*Exercise aim*: Using the records below, filter out every line that lacks "Order" and copy the rest.

Study material below:

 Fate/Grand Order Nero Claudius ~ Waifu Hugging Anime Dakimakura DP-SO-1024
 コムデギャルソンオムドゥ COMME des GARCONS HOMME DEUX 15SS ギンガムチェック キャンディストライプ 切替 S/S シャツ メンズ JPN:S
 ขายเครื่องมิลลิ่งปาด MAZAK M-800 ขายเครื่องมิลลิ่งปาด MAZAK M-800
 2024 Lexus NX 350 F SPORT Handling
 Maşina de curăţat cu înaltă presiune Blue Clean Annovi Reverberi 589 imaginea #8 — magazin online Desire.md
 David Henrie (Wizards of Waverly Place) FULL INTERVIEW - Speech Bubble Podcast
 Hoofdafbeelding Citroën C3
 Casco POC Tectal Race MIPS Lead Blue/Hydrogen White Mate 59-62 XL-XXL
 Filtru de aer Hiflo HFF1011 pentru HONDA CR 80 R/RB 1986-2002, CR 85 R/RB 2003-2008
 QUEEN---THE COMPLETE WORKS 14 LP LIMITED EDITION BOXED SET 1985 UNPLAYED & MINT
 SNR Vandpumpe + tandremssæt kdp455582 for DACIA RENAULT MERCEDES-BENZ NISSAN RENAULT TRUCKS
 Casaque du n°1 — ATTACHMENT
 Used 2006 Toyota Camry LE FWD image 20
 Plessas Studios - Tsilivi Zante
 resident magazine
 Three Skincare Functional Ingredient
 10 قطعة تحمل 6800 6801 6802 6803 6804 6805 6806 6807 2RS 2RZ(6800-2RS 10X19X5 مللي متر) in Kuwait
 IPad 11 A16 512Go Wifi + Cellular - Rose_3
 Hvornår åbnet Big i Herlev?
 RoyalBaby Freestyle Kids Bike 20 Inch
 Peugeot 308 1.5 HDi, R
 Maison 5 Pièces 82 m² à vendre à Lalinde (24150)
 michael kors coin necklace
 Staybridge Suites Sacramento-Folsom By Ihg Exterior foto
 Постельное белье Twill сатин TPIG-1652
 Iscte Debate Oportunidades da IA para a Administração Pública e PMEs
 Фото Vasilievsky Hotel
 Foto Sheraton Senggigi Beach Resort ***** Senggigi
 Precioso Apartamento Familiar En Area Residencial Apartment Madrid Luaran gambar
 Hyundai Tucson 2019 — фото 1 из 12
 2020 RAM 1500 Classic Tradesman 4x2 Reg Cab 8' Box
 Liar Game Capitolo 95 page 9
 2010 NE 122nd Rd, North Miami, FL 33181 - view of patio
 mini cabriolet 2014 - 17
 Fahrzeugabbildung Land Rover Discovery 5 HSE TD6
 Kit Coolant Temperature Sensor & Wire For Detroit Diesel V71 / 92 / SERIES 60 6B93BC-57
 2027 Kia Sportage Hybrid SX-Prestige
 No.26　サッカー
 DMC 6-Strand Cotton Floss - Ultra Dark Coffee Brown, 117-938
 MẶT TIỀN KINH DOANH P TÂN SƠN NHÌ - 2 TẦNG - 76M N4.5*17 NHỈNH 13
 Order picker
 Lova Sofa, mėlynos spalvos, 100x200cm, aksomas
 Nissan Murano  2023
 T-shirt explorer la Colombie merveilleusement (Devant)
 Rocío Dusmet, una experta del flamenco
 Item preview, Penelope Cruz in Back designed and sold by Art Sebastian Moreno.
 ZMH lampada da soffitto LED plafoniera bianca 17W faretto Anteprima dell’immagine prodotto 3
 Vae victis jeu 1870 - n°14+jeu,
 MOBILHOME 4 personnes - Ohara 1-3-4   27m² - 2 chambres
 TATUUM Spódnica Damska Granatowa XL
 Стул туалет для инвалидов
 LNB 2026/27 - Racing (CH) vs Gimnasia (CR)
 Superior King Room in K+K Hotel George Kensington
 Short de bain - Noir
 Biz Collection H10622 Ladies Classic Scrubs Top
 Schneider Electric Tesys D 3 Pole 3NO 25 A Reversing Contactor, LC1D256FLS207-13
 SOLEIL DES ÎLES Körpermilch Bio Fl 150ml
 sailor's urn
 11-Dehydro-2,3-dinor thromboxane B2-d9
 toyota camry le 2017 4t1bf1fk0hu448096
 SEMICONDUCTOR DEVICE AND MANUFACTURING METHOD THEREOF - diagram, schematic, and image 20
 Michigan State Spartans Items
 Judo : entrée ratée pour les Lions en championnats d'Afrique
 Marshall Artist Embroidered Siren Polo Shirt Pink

End of Study material.

*Response*:
 Fate/Grand Order Nero Claudius ~ Waifu Hugging Anime Dakimakura DP-SO-1024
 Order picker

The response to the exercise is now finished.